BUDDHISME PRA-DOKTRINAL DI DALAM KITAB SUTTA-NIPAATA:
POTRET PSIKOLOGIS ORANG SUCI BUDDHIS ZAMAN AWAL
[lanjutan - 02]

Oleh: Dharmacaari Naagapriya

         Tesis yang ingin saya kembangkan adalah sebagai berikut: Buddhisme awal kurang mementingkan doktrin dibandingkan apa yang kita namakan psikologi dan etika. Kitab Suta-Nipaata adalah simpanan kepustakaan Buddhis yang relatif kuno yang menekankan pada pengembangan suatu "psikologi Tercerahkan": pelepasan keadaan-keadaan batin tertentu--yang dianggap sebagai rintangan di jalan Pencerahan--dan pemegangan keadaan-keadaan batin alternatif yang merupakan cara berfungsi yang Tercerahkan. "Psikologi Tercerahkan" ini mempunyai citarasa etikal yang kuat. Berkaitan dengan itu, kitab Sutta-Nipaata menekankan pelepasan jenis-jenis perilaku tertentu dan pemegangan jenis-jenis perilaku lain yang lebih sesuai dengan kesadaran Tercerahkan. Bahkan, Pencerahan di dalam kitab Sutta-Nipaata dapat dilihat tidak lebih daripada pelepasan keadaan batin dan perilaku yang buruk dan sebagai gantinya pemegangan keadaan batin dan perilaku yang baik, sampai tercapai titik di mana pola-pola kebiasaan baru ini menjadi menetap tanpa bisa mundur kembali.

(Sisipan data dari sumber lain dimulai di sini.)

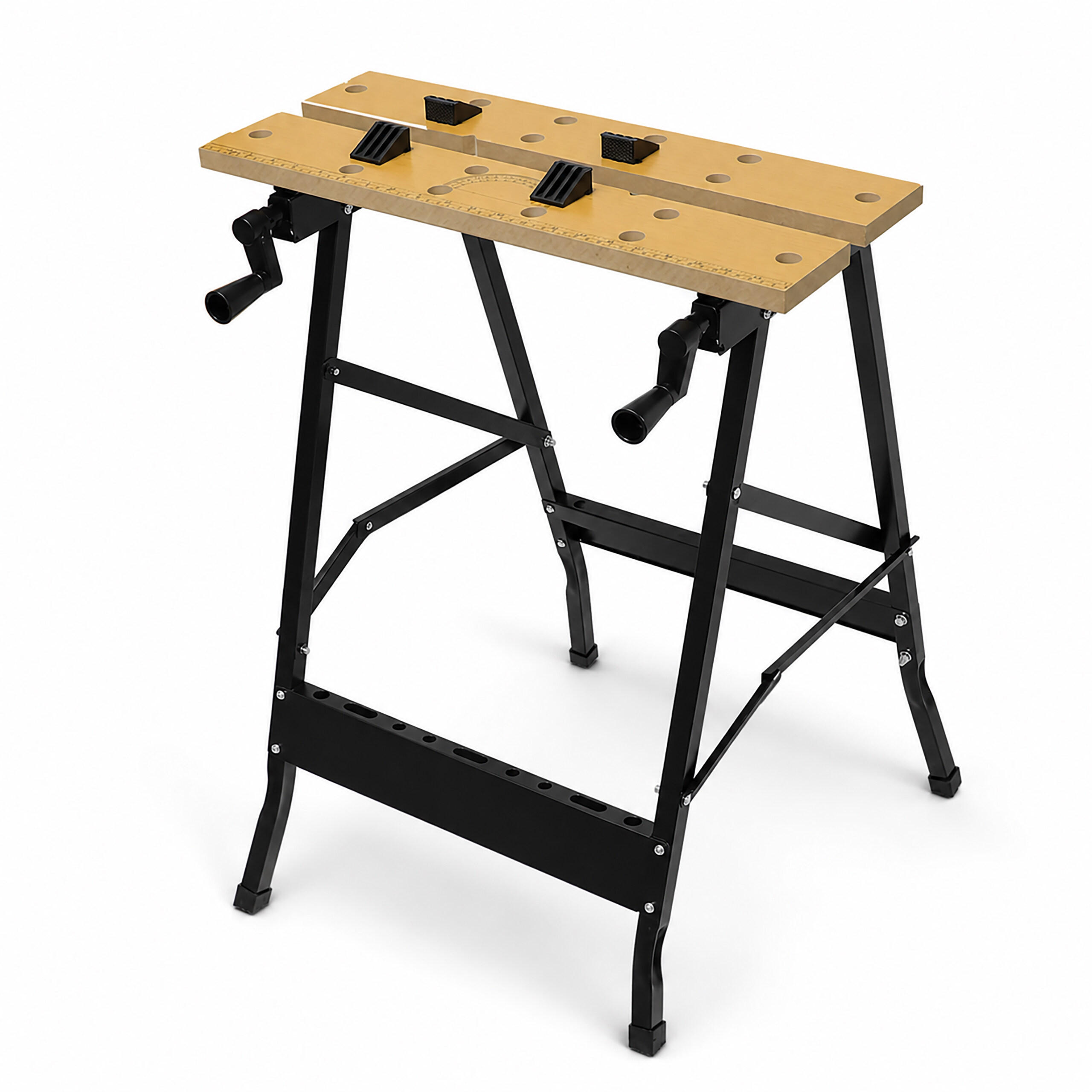 WERKBANK Natur Schwarz klappbar mit Spannbacken Stahl MDF 76 cm - Schwarz, Holzwerkstoff/Metall (56/76/62cm) - Relaxdays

         Reginald Ray, dalam bukunya yang membuka wawasan baru, "Buddhist Saints in India"[10], mengemukakan apa yang dinamakannya sebagai 'paradigma hagiografis' dari orang suci Buddhis normatif. Ray menyusun paradigma ini berdasarkan analisis mendetail terhadap kitab Buddhacarita dari Asvaghosa, suatu pengungkapan kembali secara puitis kehidupan Sang Buddha. Ray mengidentifikasikan 35 tema di dalam kitab Buddhacarita yang menurutnya terdapat pula--dengan variasi moderat--di dalam hagiografi (kisah-kisah pemujaan) tentang semua orang suci Buddhis.[11]  Proposisi saya sedikit berbeda. Mengembangkan contoh yang baik sekali dari Ray, saya bermaksud--melalui penyelidikan atas kitab Sutta-Nipaata--membuat sketsa potret psikologis-dan-perilaku dari orang suci di zaman Buddhisme awal, untuk menghidupkan kembali bagaimana rupanya: apa yang dipikirkannya, dirasakannya dan dilakukannya.

Struktur dan Isi Kitab Sutta-Nipaata

         Namun, sebelum terjun ke dalam penyelidikan mendetail terhadap sifat-sifat orang suci awal, saya akan menyentuh sedikit informasi latar belakang yang akan membantu meletakkan makna ajaran-ajaran yang terkandung di dalam kitab Sutta-Nipaata di dalam konteks yang tepat. Pertama-tama, penting untuk dipahami bahwa kitab Sutta-Nipaata itu sendiri merupakan antologi naskah-naskah--suatu kompendium, bukan satu kesatuan koheren--yang tersajikan dalam bentuk balada-balada spiritual. Kitab itu terdiri dari lima bab yang beraneka-ragam, yang seluruhnya mengandung 70 sutta, yang kebanyakan di antaranya tidak lebih panjang dari beberapa halaman. Sangat sedikit dari sutta-sutta itu yang dimulai dengan ungkapan klasik, "Demikianlah telah kudengar"; sedangkan seluruh Bab 5 tersusun dalam bentuk tanya-jawab. Koleksi ini mengandung banyak sutta-sutta yang sangat populer dari Buddhisme awal, termasuk Mettaa-sutta, Ratana-sutta dan Mangala-sutta.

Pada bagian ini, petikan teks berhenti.